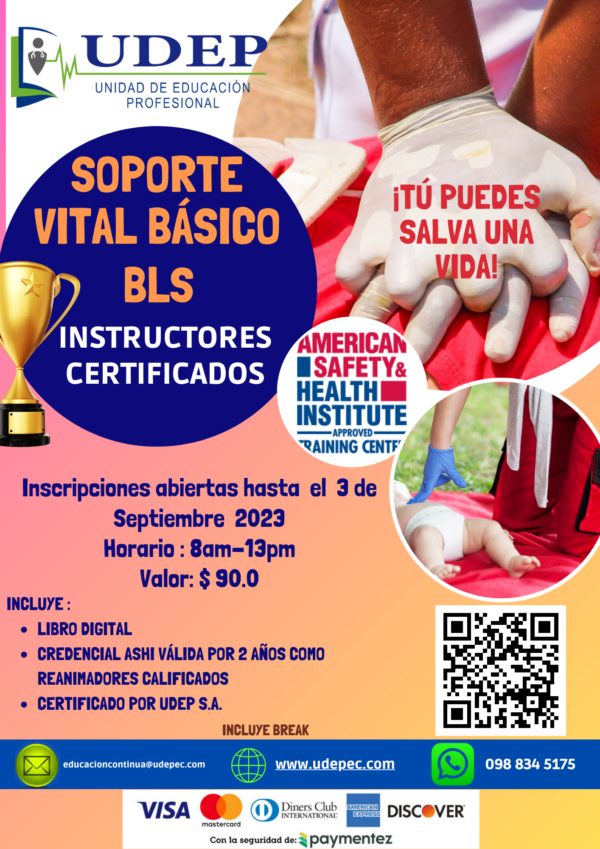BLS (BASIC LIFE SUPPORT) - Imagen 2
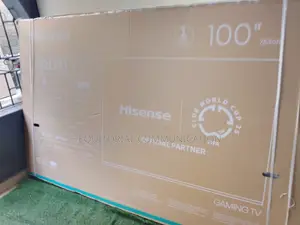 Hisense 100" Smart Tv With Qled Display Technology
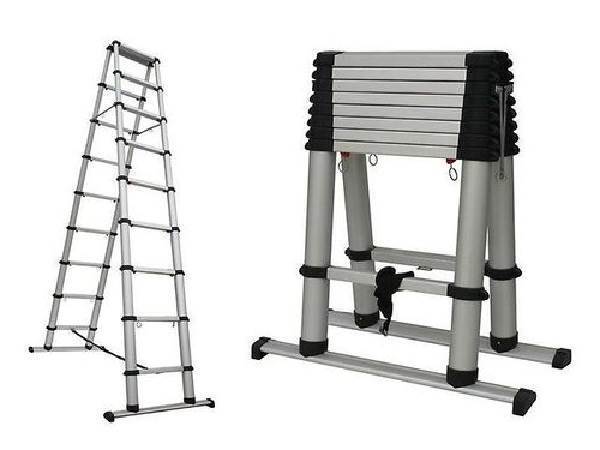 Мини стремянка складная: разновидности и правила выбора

*-*-*

Assigned task>
A faithful copy of all the data above, without its pictures, is the expected result.

Answer section>
BLS (BASIC LIFE SUPPORT) - Imagen 2
 Hisense 100" Smart Tv With Qled Display Technology
 Мини стремянка складная: разновидности и правила выбора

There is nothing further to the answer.